Selon Gladwell, le mode «par défaut» des humains lorsqu’ils rencontrent un étranger est de faire confiance, de croire que les gens sont honnêtes. Il écrit: «Nous avons une position de défaut concernant la vérité: nous présumons que les gens avec qui nous faisons affaire sont honnêtes».
Ce n’est que lorsqu’il devient évident qu’on nous a menti ou qu’on nous a bernés que nous réalisons que notre présomption de «faire confiance» était injustifiée.
Remarquez que c’est une chance que notre mode par défaut soit de faire confiance aux autres. Comment fonctionnerait notre société si les relations interpersonnelles étaient fondées sur le doute et le scepticisme? Comment le système financier pourrait-il exister?
Mais en investissement, je crois personnellement qu’une bonne dose de scepticisme est essentielle. Pourtant, la plupart d’entre nous avons tendance à nous fier à nos premières impressions dans nos décisions. Nous lisons un article élogieux sur une entreprise en Bourse et nous décidons d’acheter le titre. Nous regardons l’entrevue d’un président d’entreprise à la télévision et aussitôt, nous sommes convaincus des attraits de cette société.
Lorsque j’ai commencé mon métier d’analyste financier chez COTE 100 dans les années 1990, nous avions l’habitude de rencontrer systématiquement les dirigeants d’une entreprise avant d’investir dans son titre. Or, il y a plusieurs années, nous avons pris la décision de ne plus rencontrer les dirigeants à moins d’avoir des questions très précises à leur poser.
Pourquoi? Parce qu’il est difficile, sinon impossible de ne pas être influencé par les dirigeants dans nos décisions d’investissement. Selon mon expérience, il n’y a généralement pas meilleurs vendeurs d’une entreprise que ses dirigeants. Ils vous présenteront les qualités de leur entreprise et auront tendance à taire ou à minimiser leurs défauts ou les risques. Le dirigeant d’entreprise expérimenté vous dira souvent précisément ce que vous voulez entendre – si vous êtes un adepte de l’investissement «valeur», il vous dira être un disciple de Warren Buffett.

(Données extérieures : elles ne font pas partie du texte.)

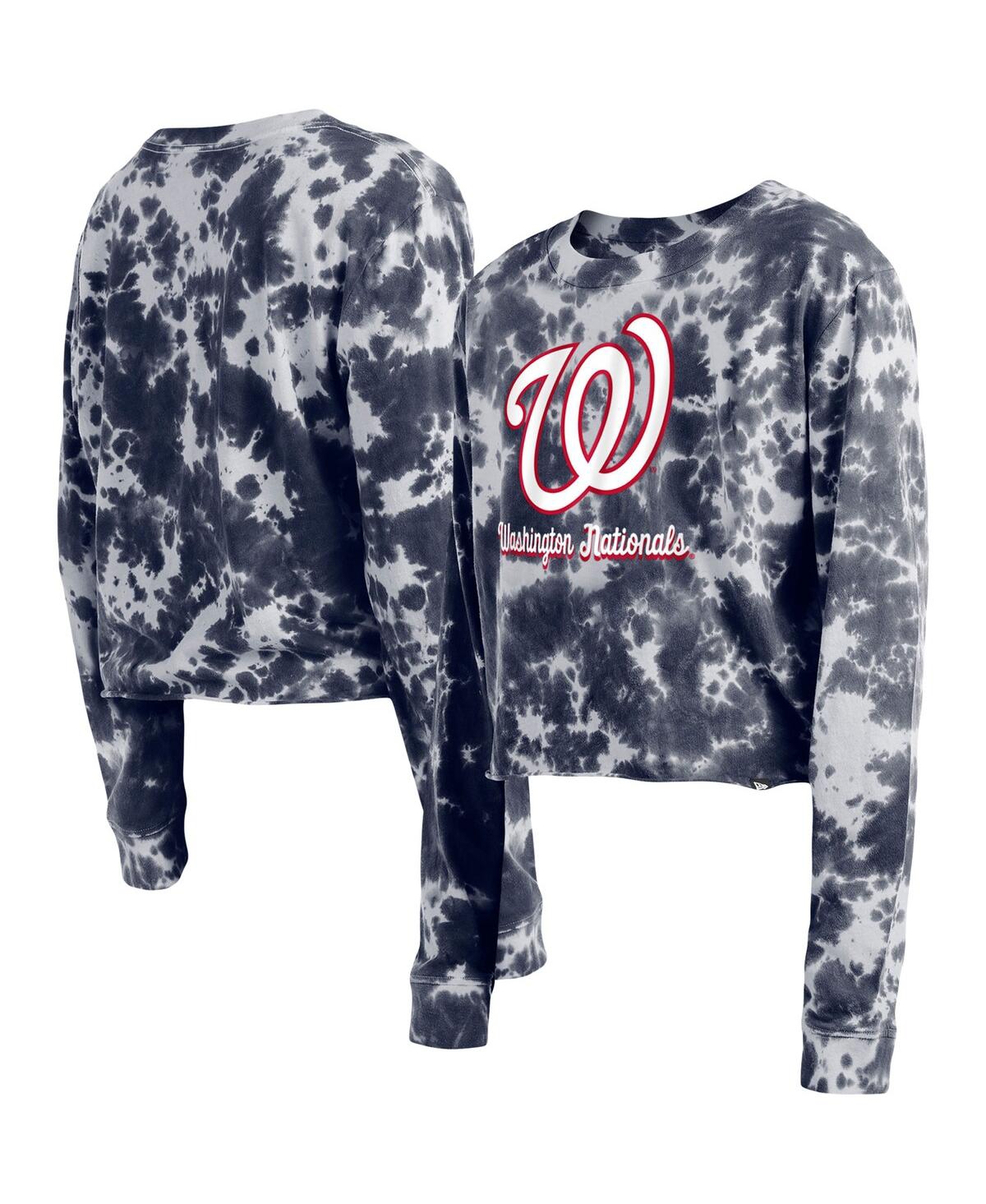 NEW ERA WOMEN'S NEW ERA NAVY WASHINGTON NATIONALS TIE-DYE CROPPED LONG SLEEVE T-SHIRT 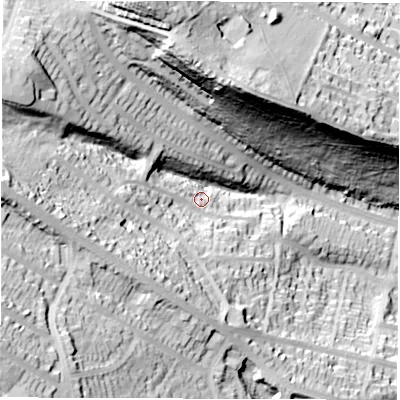 Shaded relief map of the ground around S119FR, computed from Environment Agency LiDAR. The ground here sits at about 130 m above sea level and falls 74 m across the surrounding 800 m. Surface water reaching this point runs off ground lying to the west, 51.9 m higher.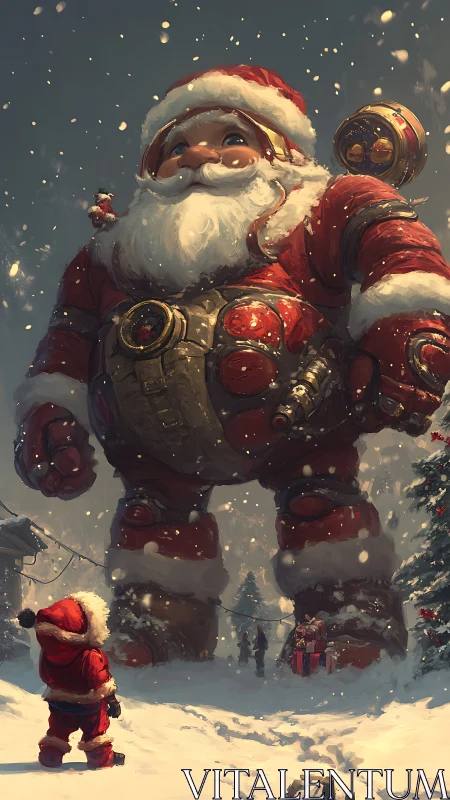Gigantic mechanized Santa figure in snowy winter setting.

L’histoire présentée par le dirigeant sera sans doute très convaincante. Et il est plus que probable que le dirigeant vous paraisse sympathique. Comme l’écrit Gladwell, c’est notre présomption que les autres sont honnêtes qui influence notre jugement et nos décisions.
C’est pourquoi nous ne tenons pas à rencontrer les dirigeants de nos entreprises ou de celles dans lesquelles nous pourrions investir. Nous préférons fonder nos décisions sur des faits concrets, en particulier l’historique financier d’une société, sa croissance, sa rentabilité, la solidité de son bilan, etc. Généralement, les chiffres ne mentent pas, surtout lorsqu’on tient compte de l’historique à long terme d’une entreprise.
Cela ne veut pas dire que nous n’accordons pas d’importance à la qualité des dirigeants – au contraire. Mais j’estime que la meilleure façon de les évaluer est de fonder son jugement sur les faits et non pas sur leur capacité de vendre leur histoire.
Le livre de Malcolm Gladwell m’a encore plus convaincu que nous faisons la bonne chose en ne rencontrant plus les dirigeants d’entreprises. Les faits doivent avoir préséance sur les impressions.